Comment by layer8
4 days ago
Things would be simpler, more predictable and tractable.
For example, real-time guarantees (hard time constraints on how long a particular type of event will take to process) would be easier to provide.
4 days ago
Things would be simpler, more predictable and tractable.
For example, real-time guarantees (hard time constraints on how long a particular type of event will take to process) would be easier to provide.
But why do we think that? The complexity would almost certainly still exist. Would just now be up a layer. With no guarantees that you could hit the same performance characteristics that we are able to hit today.
Put another way, if that would truly be a better place, what is stopping people from building it today?
Performance wouldn’t be the same, and that’s why nobody is manufacturing it.

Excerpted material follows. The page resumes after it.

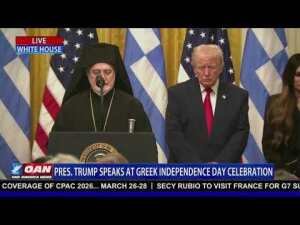 President Trump Speaks at Greek Independence Day Celebration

The industry prefers living with higher complexity when it yields better performance. That doesn’t mean that some people like in this thread wouldn’t prefer if things were more simple, even at the price of significantly lower performance.
> The complexity would almost certainly still exist.
That doesn’t follow. A lot of the complexity is purely to achieve the performance we have.
I'm used to people arguing for simpler setups because the belief is that they could make them more performant. This was specifically the push for RISC back in the day, no?
To that end, I was assuming the idea would be that we think we could have faster systems if we didn't have this stuff. If that is not the assumption, I'm curious what the appeal is?